Queridos hermanos: la Iglesia proviene de Pentecostés. En el momento de Pentecostés, los Apóstoles salieron y se pusieron a hablar en todas las lenguas, pudiendo manifestar así a todos los hombres, a través de la fuerza del Espíritu Santo, su fe viva en Cristo resucitado. El Redentor nos invita siempre de nuevo a predicar el Evangelio a todos. Es necesario anunciar la buena nueva, no plegarse a las fantasías de los hombres. Muchas veces nos cansamos de responder, sin darnos cuenta de que nuestros interlocutores no buscan respuestas.
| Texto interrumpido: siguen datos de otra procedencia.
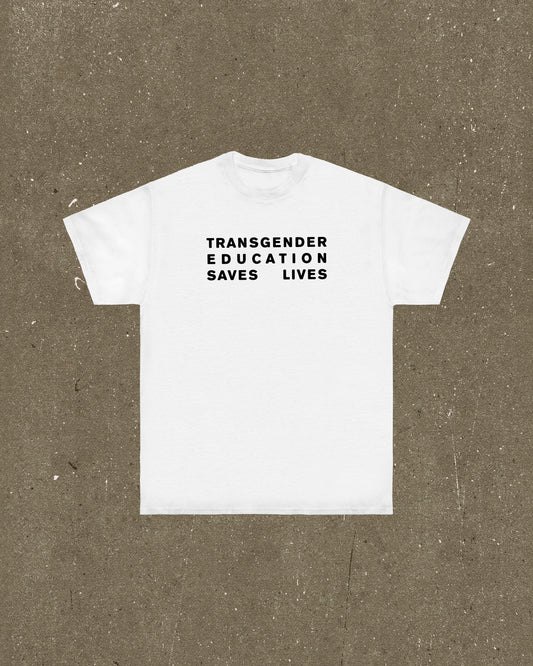 Transgender Education Saves Lives T Shirt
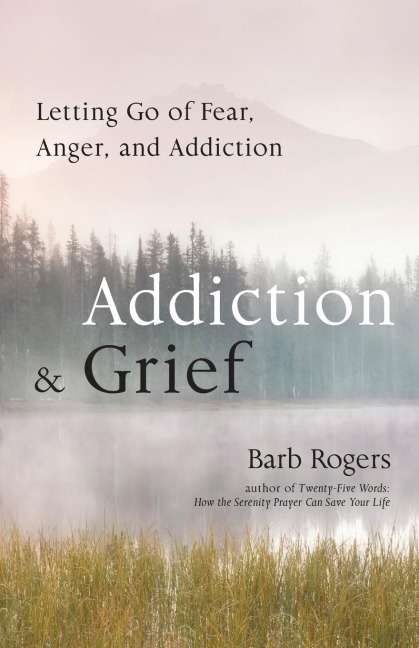 Addiction & Grief: Letting Go of Fear, Anger, and Addiction (For Fans of The Mindfulness Workbook for Addiction)
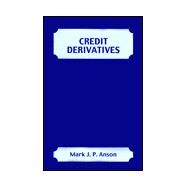 Credit Derivatives by Mark J. Anson, 9781883249618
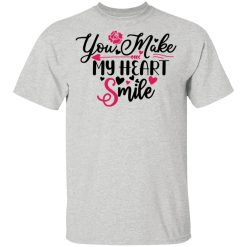 you make my heart smile t shirts hoodies long sleeve 11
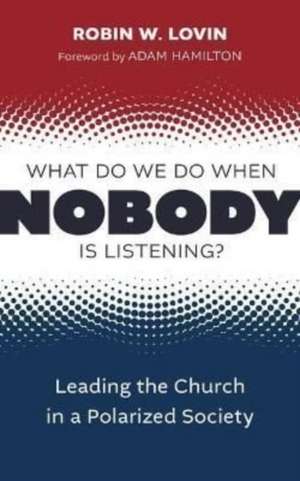 What Do We Do When Nobody Is Listening? de Robin W Lovin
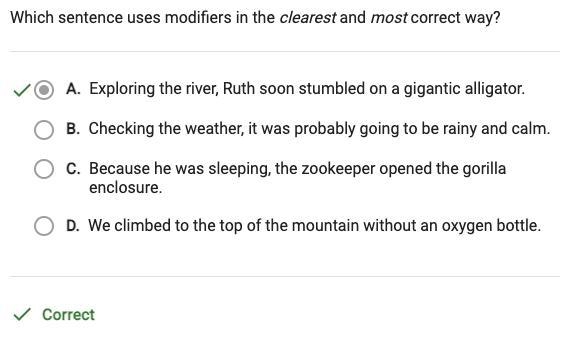 Which sentence uses modifiers in the clearest and most correct way? A - Exploring-example-1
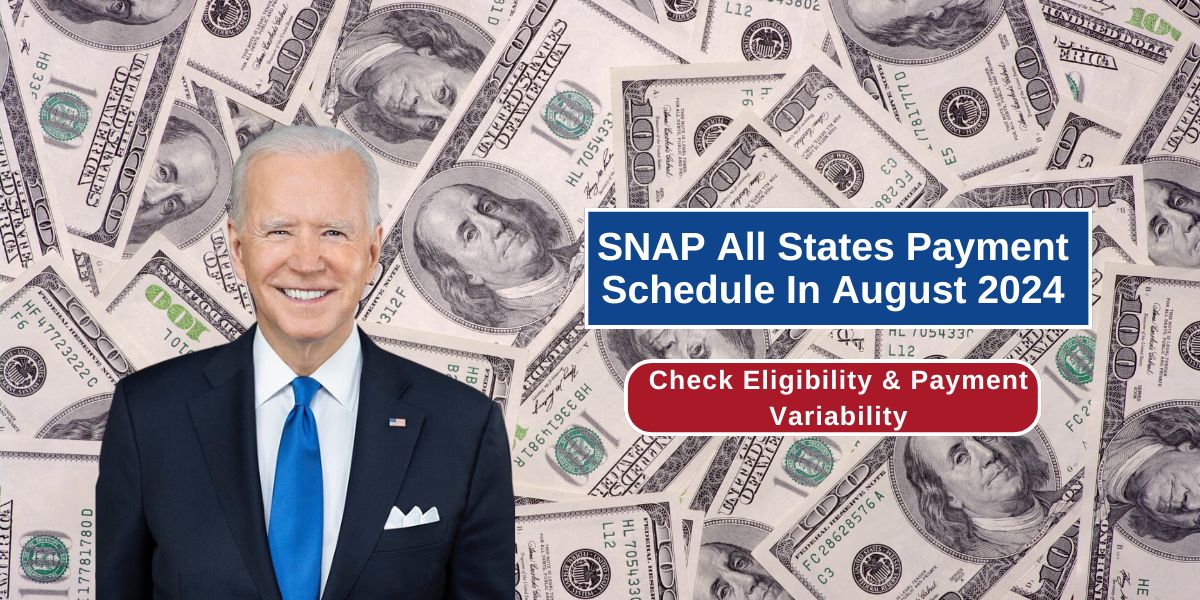 SNAP All States Payment Schedule In August 2024: Check Eligibility & Payment Variability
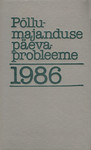 Põllumajanduse päevaprobleeme 1986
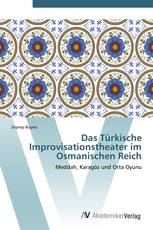 Das Türkische Improvisationstheater im Osmanischen Reich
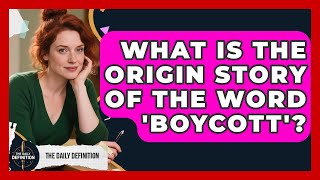 What Is The Origin Story Of The Word 'boycott'? - The Daily Definition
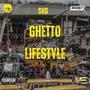 Ghetto Lifestyle (feat. Slyy, O.G. Bisakka, Season Dank Mafia & Red Eye) [Explicit]
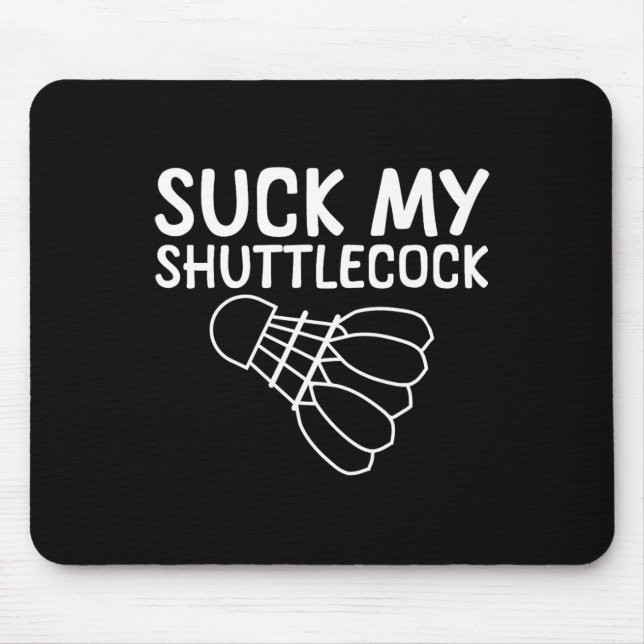 Alfombrilla De Ratón Suck My Shuttle — (Frente)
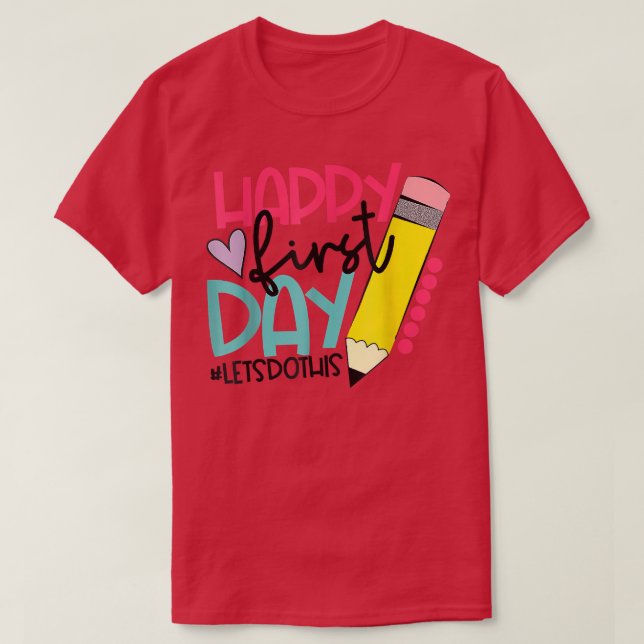 T-shirt Happy First Day of School Students and Teachers Gi (Design devant)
Es necesario anunciar, ir adelante, plantear interrogantes con la visión apostólica jamás superada: «A este Jesús Dios le resucitó, de lo cual todos nosotros somos testigos» (Hch 2, 32).

Asegurándoos mi oración por vosotros, por vuestros sacerdotes y por vuestros diocesanos, os deseo que cultivéis con celo y paciencia el campo de Dios, conservando la pasión por la verdad, y os animo a ir adelante todos juntos. Encomendando el futuro de la evangelización en vuestro país a la Virgen María y a la intercesión de san Nicolás de Flüe, de san Mauricio y de sus compañeros, os imparto de todo corazón la bendición apostólica, y os pido fraternalmente que no os olvidéis de rezar por mí.